There are also the lazy geniuses out there who nail every standardized test, are in the gifted and talented programs (tested very high on IQ test), but scrape by with a C average because they don't do the homework, are bored by the material, or don't bother reading and studying for the test--even a little bit. I doubt the daughters at issue here fall in that category.

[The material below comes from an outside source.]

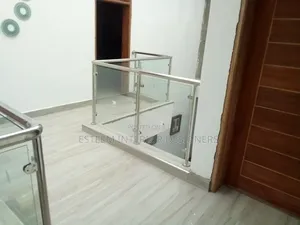 Stainless Steel and Glass Staircase Handrails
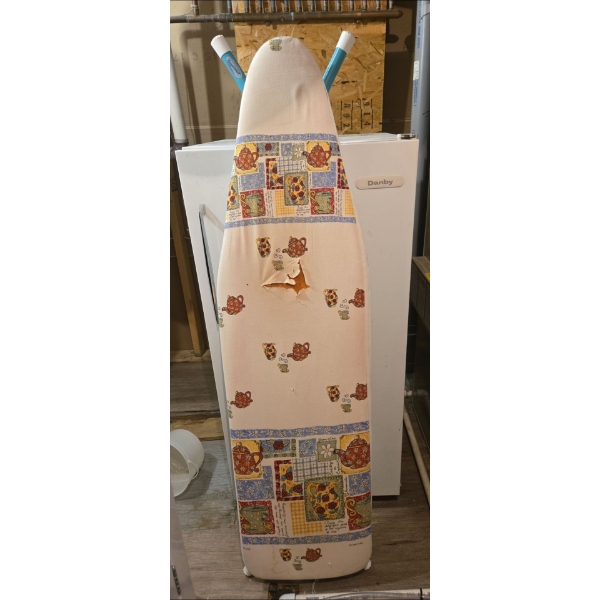 Danby Vintage Fridge Model No. DW 721 (23W, 21D, 47T) w/ Vintage Ironing Board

All of such "lazy geniuses" I knew in high school struggled in early adulthood. Then after the real world gave them a swift kick in the butt or two, they got it together and made out allright.
 
My SIL is one of those "lazy geniueses" you speak of. She's in her 50s now and works at an Autozone, so not all them get it together.
 
It's an interesting, and sometimes frustrating, subset of folks no doubt. Henry Ford would intentionally seek out "lazy geniuses" to work on his production lines. What he found was that they would invent more efficient ways of doing the same repetitive tasks so they could slack off some more. Ford would then take these inventive and efficient ways and implement them throughout his plants, saving massive amounts of labor hours.
 
I'm wondering why the perps haven't been charged with tax evasion - if they wrote off the bribes as "charitable contributions," wouldn't the IRS have a good case for tax evasion? Remember, when the feds finally sent Capone up the river, it wasn't on racketeering, it was tax evasion.
 
I'm wondering why the perps haven't been charged with tax evasion - if they wrote off the bribes as "charitable contributions," wouldn't the IRS have a good case for tax evasion? Remember, when the feds finally sent Capone up the river, it wasn't on racketeering, it was tax evasion.
The Feds have not had sufficient time to work through all involved returns, but they will and unless you were the first to confess, the penalities and back taxes will be applied. The first to confess will probably escape at least some of the penalties but no one will escape the back taxes.